Your goal: Omit every picture. Return all other data as it stands.

Recorded data:
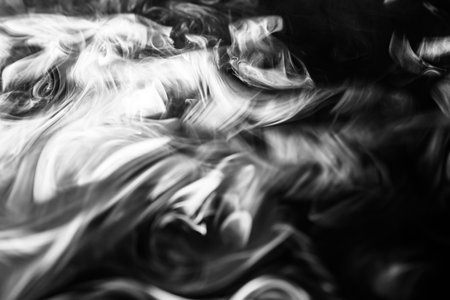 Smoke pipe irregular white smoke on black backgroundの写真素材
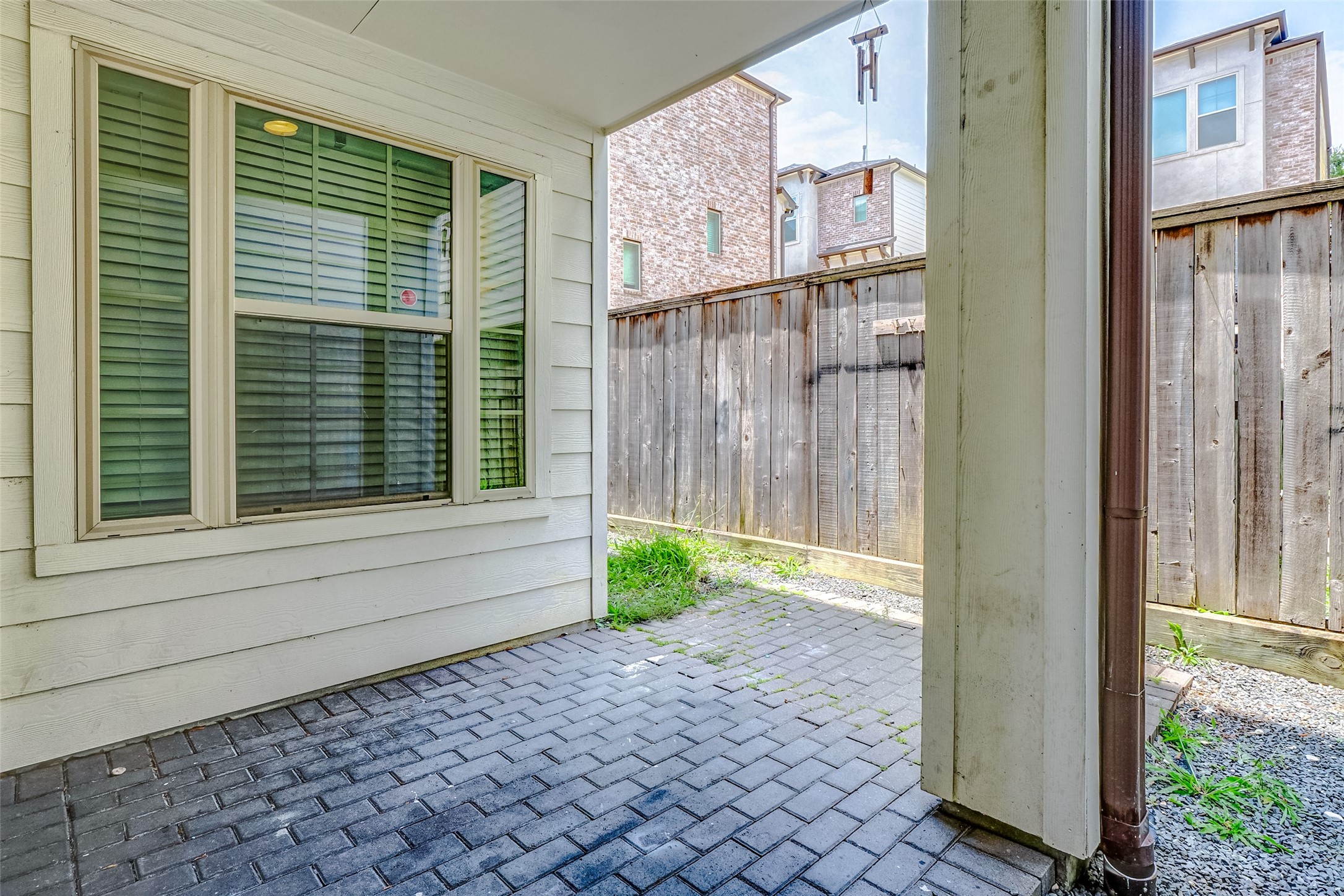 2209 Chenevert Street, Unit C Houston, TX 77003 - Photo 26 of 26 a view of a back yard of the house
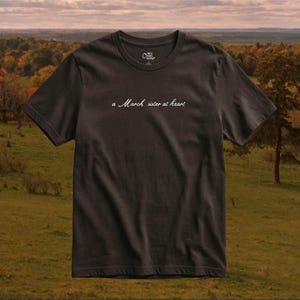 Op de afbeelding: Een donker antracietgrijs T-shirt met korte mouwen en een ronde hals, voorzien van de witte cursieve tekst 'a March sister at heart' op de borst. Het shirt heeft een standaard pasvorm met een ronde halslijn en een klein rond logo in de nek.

Answer section:
 Smoke pipe irregular white smoke on black backgroundの写真素材
 2209 Chenevert Street, Unit C Houston, TX 77003 - Photo 26 of 26 a view of a back yard of the house
 Op de afbeelding: Een donker antracietgrijs T-shirt met korte mouwen en een ronde hals, voorzien van de witte cursieve tekst 'a March sister at heart' op de borst. Het shirt heeft een standaard pasvorm met een ronde halslijn en een klein rond logo in de nek.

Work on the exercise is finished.